Por menos que se conheça a obra de alguém, a
rede social impelirá a um panegírico post mortem, em sinal de pertencimento à
tribo. Fará parte do luto, real ou performático, uma breve citação ao amor, meu
grande amor, por Angela Ro Ro, ao insensato coração de Nana
Caymmi ou, entregando a idade, um verso descontextualizado de
“Rock’n’roll lullaby” por Francisco Cuoco.

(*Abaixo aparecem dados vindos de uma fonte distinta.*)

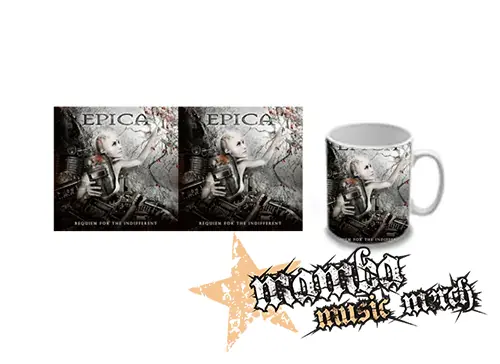 Hrnček - EPICA - Requiem for the Indifferent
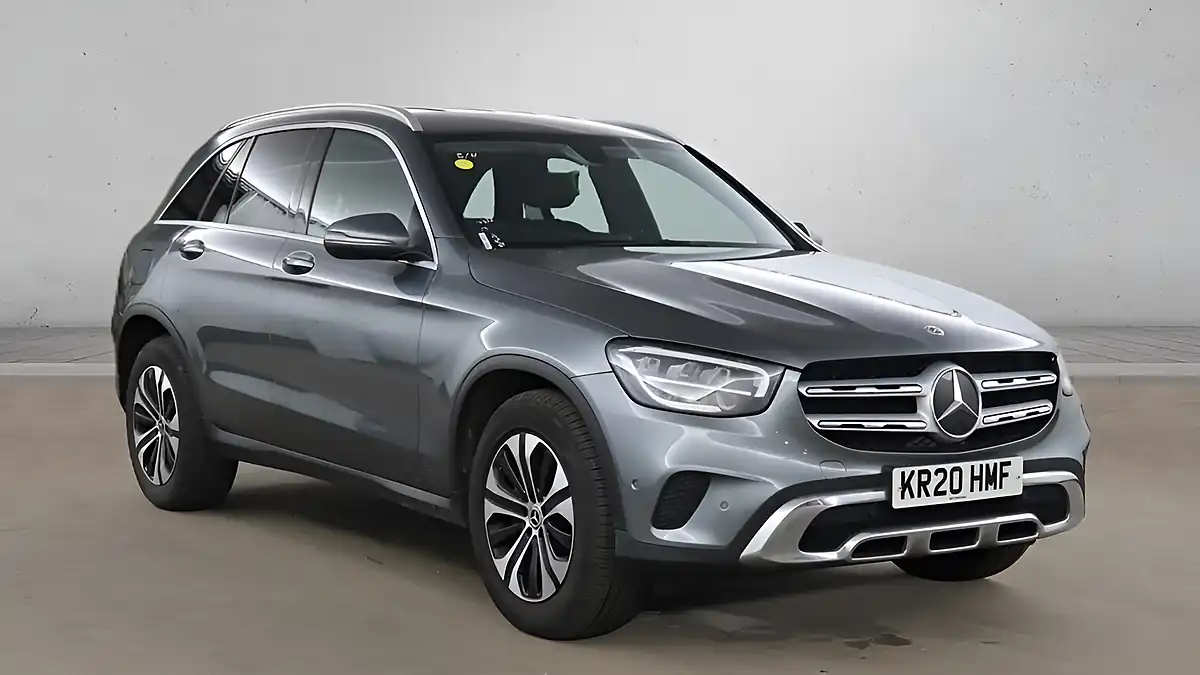 Used 2020 Mercedes-Benz Glc Sport Grey - Front View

Morremos muitos (você, eu, Ed Mort, Dora
Avante, a velhinha, o analista, as cobras, as palavras) com o Veríssimo. Morre
um tanto do que eu sei, mas não devia, e da implosão da verdade, com Marina
Colasanti e Affonso Romano. No Facebook e
no Instagram,
com usuários cada vez mais velhos, lamentamos na dos outros nossa morte
antecipada. É por nós que os sinos virtuais dobrariam, caso existissem; é a nós
que todos os obituários se referem.
Se Françoise Hardy, Alain
Delon e Rita Lee morreram,
então é provável que ninguém escape da iniludível. E, cada vez mais solitários,
será com a plateia amorfa e anônima das redes que compartilharemos a angústia
de perceber que os da nossa idade não precisam mais dos artifícios de acidentes
ou de overdoses para ir estudar a geologia dos campos santos.
Larguei de mão as redes sociais porque não me
faz bem ser odiado e prefiro não odiar ninguém. Mas ando com uma paradoxal
síndrome de abstinência desse velório virtual promovido cada vez que morremos
um pouco. E como temos morrido ultimamente!